Do You Save Things for Best?
I’m one of those people who buys something new, puts it in the wardrobe and keeps it ‘for best’. Only to bring it out a year or two later and find it’s either gone out of fashion or no longer fits. I’m also a rainy day saver, convinced that a catastrophe is awaiting around the corner. Therefore, I save coffee shop loyalty free drinks, supermarket club card points, beautiful notebooks and any spare cash for when/if that catastrophe ever happens.

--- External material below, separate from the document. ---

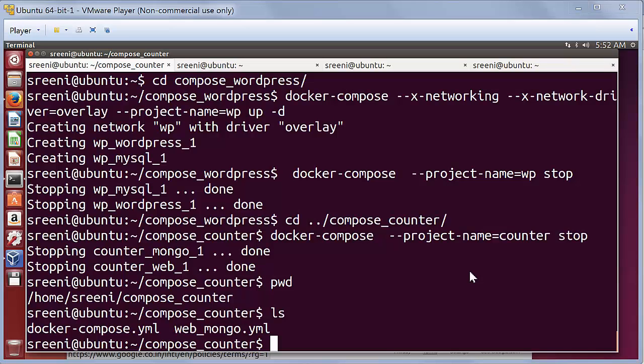Hello everyone. This video demonstrates Docker multi-host networking. So this became production ready in Docker 1.9 release.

However, my mindset is changing after reading, ‘Die With Zero’ by Bill Perkins. The book reiterates what we all know but rarely act upon: There are no pockets in shrouds and You can’t take it with you. It advocates spending/using things so that you die with as little surplus as possible. This means that you get to enjoy everything that you’ve ever worked for over the years.
Bill’s advice is equally relevant to billionaires and those of us of more modest means.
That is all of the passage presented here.